RavenDB & FreeDBAn optimization opportunity
Update: The numbers in this post are not relevant. I include them here solely so you would have a frame of reference. We have done a lot of optimization work, and the numbers are orders of magnitude faster now. See the next post for details.
The purpose of this post is to setup a scenario, see how RavenDB do with it, and then optimize the parts that we don’t like. This post is scheduled to go about two months after it was written, so anything that you see here is likely already fixed. In future posts, I’ll talk about the optimizations, what we did, and what was the result.
System note: I run those tests on a year old desktop, with all the database activity happening on a single 7200 RPM 300GB disk with 8 GB of RAM. Please don’t get to hung up on the actual numbers, I include them for reference, but real hardware on production system should kick this drastically higher. Another thing to remember is that this was an active system, while all of those operations were running, I was actively working and developing on the machine. The main point is to give us some sort of a metric about where we are, and to see whatever we like this or not.
We keep looking at additional things that we can do with RavenDB, and having large amount of information to tests things with is awesome. Having non fake data is even awesomer, because fake data is predictable data, while real data tend to be much more… interesting.
That is why I decided to load the entire freedb database into RavenDB and see what is happening.
What is freedb?
freedb is a database to look up CD information using the internet. This is done by a client (a freedb aware application) which calculates a (nearly) unique disc ID for a CD in your CD-Rom and then queries the database. As a result, the client displays the artist, CD-title, tracklist and some additional info.

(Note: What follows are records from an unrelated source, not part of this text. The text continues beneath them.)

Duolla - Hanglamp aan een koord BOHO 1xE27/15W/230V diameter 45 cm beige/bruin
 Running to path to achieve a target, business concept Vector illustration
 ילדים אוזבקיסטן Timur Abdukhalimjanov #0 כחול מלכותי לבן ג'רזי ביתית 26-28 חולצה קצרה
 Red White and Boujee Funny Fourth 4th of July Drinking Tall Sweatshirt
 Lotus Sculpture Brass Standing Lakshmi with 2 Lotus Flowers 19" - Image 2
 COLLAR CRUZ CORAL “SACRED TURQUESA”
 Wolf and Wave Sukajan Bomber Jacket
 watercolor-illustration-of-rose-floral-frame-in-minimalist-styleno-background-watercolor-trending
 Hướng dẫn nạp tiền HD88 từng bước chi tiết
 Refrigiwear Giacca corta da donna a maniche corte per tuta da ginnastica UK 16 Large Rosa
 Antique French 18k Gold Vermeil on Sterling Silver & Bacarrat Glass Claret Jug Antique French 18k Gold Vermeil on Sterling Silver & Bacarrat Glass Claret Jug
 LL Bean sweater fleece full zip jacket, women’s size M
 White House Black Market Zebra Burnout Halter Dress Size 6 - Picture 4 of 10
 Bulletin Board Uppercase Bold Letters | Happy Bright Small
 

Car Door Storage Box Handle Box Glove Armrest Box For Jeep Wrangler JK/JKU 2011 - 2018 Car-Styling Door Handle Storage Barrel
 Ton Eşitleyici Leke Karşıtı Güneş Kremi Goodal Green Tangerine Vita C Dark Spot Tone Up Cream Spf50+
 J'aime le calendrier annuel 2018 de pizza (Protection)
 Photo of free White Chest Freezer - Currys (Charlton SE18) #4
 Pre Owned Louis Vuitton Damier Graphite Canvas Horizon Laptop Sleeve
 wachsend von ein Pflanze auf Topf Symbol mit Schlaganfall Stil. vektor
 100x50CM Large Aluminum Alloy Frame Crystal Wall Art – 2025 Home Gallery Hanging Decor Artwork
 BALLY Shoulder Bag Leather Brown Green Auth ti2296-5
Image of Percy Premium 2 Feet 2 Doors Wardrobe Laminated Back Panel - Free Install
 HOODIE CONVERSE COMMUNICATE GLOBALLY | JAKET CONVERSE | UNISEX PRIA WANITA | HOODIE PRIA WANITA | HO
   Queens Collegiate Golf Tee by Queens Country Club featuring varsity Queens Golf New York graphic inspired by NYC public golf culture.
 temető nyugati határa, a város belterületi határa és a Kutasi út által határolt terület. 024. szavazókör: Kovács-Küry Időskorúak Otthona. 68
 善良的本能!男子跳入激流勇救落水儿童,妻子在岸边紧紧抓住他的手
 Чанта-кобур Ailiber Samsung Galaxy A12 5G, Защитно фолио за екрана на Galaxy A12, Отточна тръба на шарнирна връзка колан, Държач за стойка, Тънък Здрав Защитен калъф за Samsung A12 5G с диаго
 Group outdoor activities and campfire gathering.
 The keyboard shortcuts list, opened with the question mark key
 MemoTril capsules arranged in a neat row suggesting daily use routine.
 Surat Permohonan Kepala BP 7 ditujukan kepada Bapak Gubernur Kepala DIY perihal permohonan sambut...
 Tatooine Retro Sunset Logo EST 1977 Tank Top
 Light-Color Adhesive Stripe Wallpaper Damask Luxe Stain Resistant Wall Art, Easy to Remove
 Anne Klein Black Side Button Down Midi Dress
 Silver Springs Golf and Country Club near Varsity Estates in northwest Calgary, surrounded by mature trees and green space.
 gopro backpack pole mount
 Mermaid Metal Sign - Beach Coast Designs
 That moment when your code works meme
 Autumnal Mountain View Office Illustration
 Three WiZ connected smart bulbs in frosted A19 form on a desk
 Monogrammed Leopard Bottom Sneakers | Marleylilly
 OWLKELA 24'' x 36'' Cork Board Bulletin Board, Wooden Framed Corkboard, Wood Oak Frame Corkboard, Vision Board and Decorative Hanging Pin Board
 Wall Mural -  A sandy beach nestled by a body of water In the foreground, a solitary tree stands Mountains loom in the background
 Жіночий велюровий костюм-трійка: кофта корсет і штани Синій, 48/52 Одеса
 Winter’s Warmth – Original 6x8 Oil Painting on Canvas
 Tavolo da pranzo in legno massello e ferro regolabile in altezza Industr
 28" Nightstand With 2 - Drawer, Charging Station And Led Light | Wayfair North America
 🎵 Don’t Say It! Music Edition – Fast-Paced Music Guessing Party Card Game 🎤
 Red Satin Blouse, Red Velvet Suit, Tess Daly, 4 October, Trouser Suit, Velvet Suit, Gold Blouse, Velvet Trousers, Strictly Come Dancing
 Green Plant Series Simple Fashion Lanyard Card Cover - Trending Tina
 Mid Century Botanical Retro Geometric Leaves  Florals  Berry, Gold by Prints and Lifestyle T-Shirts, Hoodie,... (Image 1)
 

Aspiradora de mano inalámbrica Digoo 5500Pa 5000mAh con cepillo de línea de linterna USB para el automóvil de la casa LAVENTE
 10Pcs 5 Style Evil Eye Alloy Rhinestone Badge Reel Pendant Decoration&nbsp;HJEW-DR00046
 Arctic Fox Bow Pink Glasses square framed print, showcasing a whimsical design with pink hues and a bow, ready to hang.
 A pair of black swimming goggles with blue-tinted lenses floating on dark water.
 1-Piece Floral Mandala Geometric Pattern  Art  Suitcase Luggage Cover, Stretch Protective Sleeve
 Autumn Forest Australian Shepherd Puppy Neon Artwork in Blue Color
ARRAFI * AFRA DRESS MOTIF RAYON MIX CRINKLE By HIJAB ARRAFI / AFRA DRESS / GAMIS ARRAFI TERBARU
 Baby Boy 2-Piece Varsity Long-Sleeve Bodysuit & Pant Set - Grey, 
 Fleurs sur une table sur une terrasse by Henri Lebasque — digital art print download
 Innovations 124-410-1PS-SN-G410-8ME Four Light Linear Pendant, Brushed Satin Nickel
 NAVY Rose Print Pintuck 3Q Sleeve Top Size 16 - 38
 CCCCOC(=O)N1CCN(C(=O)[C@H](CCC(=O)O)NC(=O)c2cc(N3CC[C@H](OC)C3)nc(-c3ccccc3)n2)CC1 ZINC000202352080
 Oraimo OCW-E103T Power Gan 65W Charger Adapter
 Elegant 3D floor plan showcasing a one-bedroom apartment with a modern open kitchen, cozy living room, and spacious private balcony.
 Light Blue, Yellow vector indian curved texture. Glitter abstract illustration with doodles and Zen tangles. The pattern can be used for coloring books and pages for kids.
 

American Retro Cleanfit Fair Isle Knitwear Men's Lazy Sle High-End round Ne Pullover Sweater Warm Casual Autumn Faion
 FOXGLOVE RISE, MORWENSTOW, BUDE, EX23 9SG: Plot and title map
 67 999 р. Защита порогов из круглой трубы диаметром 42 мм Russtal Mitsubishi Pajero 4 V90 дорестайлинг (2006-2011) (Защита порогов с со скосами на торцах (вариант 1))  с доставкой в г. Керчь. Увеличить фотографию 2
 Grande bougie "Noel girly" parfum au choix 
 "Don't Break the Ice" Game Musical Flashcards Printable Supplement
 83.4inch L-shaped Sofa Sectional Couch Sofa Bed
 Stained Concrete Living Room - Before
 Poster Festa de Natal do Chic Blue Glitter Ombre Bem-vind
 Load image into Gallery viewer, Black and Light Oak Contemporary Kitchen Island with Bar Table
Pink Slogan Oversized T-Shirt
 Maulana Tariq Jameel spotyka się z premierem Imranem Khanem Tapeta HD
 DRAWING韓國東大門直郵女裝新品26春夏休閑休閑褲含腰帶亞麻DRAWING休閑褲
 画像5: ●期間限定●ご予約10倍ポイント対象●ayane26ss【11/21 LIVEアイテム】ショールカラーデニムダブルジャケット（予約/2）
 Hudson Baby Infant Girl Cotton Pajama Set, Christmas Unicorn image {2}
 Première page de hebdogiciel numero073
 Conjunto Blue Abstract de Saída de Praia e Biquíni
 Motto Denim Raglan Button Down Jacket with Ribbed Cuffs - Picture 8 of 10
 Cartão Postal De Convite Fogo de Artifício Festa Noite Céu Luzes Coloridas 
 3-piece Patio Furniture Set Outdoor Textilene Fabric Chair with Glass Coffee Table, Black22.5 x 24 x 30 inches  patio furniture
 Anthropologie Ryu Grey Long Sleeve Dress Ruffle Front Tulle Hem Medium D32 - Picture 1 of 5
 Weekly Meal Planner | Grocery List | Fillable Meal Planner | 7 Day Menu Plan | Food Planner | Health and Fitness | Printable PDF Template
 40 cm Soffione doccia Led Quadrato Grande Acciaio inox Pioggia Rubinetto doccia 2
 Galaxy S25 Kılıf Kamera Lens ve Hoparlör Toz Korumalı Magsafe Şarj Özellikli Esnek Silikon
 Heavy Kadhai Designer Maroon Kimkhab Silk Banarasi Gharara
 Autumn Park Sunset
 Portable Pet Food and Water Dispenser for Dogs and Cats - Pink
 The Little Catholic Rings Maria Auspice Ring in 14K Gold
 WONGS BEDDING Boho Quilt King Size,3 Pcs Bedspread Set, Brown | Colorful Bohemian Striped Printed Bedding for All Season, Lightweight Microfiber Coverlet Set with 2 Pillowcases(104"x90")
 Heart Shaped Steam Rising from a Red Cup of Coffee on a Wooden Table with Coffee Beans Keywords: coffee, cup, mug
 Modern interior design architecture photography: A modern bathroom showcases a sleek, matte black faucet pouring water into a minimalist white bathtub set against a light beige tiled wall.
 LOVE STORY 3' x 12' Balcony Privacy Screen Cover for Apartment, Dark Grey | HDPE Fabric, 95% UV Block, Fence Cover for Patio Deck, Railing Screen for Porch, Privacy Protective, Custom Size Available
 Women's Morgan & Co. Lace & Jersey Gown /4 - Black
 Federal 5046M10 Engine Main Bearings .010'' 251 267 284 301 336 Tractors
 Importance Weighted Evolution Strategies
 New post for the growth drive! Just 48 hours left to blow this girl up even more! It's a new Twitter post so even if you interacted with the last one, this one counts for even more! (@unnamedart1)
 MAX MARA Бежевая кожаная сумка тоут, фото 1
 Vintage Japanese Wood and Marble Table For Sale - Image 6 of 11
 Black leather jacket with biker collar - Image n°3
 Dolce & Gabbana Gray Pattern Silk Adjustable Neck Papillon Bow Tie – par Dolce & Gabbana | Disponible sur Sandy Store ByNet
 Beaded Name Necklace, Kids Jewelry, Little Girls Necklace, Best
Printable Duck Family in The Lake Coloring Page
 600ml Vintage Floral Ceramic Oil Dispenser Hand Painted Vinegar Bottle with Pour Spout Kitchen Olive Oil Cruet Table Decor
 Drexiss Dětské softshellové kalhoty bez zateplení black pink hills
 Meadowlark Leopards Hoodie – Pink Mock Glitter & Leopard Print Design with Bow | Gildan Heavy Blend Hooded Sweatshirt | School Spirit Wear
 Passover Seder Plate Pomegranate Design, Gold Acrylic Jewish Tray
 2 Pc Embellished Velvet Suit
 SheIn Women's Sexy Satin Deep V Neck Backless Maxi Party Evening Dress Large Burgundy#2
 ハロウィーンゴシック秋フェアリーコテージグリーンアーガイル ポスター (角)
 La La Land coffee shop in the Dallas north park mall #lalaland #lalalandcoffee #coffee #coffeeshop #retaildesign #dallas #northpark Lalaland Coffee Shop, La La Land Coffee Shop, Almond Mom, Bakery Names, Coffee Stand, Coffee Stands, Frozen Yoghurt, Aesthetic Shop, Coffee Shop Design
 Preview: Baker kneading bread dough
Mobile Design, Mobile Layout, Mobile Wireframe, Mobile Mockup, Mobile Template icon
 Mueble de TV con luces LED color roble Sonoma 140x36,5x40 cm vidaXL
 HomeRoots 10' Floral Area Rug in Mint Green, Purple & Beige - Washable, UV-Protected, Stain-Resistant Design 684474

The nice thing about freedb is that you can download their data* and make use of it yourself.
* The not so nice thing is that the data is in free form text format. I wrote a parser for it if you really want to use it, which you can find here: https://github.com/ayende/XmcdParser
So I decided to push all of this data into RavenDB. The import process took a couple of hours (didn’t actually measure, so I am not sure exactly how much), and we ended up with a RavenDB database with: 3,133,903 documents. Memory usage during the import process was ~100 MB – 150 MB (no indexes were present).
The actual size in RavenDB is 3.59 GB with 3.69 GB reserved on the file system.
Starting the database from cold boot takes about 4 seconds.
This is what the document looks like:
A full backup of the database took about 3 minutes, with all of the time dedicate for pure I/O.
Doing an export, using smuggler (on the local machine, 128 document batches) took about 18 minutes and resulted in a 803MB file (not surprising, smuggler output is a compressed file).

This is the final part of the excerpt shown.